A atenção do profissional de Educação Física pelo trabalho com pessoas com necessidades especiais é relativamente nova, há tempos esses alunos eram liberados das aulas, eram encaminhados à biblioteca da escola, ou algo parecido, faziam pesquisas, ou até mesmo não faziam nada... A atividade física pode significar melhores condições de vida e maior inserção social. Para que se possa chegar a essa situação, é necessário que haja espaços físicos sem barreiras arquitetônicas, conhecimento das técnicas de orientação, da língua dos surdos e, principalmente, respeito à individualidade presente entre as pessoas (Diehl, 2006).
Refletindo sobre a formação do profissional em Educação Física, que culturalmente vem privilegiando o desenvolvimento de capacidades e habilidades físicas, pode-se dizer que o papel do professor dessa área é acompanhar a evolução com uma postura ética e responsável diante das diversidades e suas necessidades.

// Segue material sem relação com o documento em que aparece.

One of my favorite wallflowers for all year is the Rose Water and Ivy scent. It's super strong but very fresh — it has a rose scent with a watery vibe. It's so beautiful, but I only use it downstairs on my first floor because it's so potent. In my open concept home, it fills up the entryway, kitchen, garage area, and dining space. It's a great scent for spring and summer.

O autor ainda aborda que incluir a educação das crianças dentro da discussão educativa global não significa, apenas, incluí-las fisicamente nas escolas comuns, mas hierarquizar os objetivos filosóficos, ideológicos e pedagógicos da Educação Especial.
Podem-se incluir nesse conceito, as crianças com atraso na escolarização, com dificuldades escolares não permanentes, com um “simples” atraso ou disfunção na fala, com menor possibilidade de atenção concentrada nas atividades escolares, com dificuldades de relacionamento com os colegas, bem como aquelas que não participam das atividades e as que apresentam condutas agressivas (Macedo apud Rosseto 2005).

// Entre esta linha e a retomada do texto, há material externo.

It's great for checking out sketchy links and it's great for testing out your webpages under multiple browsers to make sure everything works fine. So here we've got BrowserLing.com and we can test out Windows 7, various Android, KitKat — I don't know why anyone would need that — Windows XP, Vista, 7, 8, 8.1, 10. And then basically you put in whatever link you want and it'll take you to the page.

Nesse sentido, é necessário rever os paradigmas que sustentam a prática do educador físico, pois uma prática centrada na avaliação de resultados, na performance, dificilmente possibilitará a participação de todos. É necessário que o educador físico investigue e conheça as necessidades psicomotoras, afetivas, de aprendizagem e motoras de cada criança de sua sala para que possa planejar sua prática de maneira inclusiva.
De acordo com Rosseto (2005), em relação às dificuldades de aprendizagem, existem dois tipos de situações que se estabelecem no encontro professor-aluno: a primeira, quando os professores com muita eficiência e tranquilidade, aprendem com as dificuldades que o aluno traz e aprimoram seu processo de ensino, com o que o aluno minimiza sua situação de incapacidade para a aprendizagem; a segunda, quando de forma improvisada, o professor enfrenta de forma “dolorida”, com muita queixa e imobilismo as dificuldades que esse educando traz para a sala de aula.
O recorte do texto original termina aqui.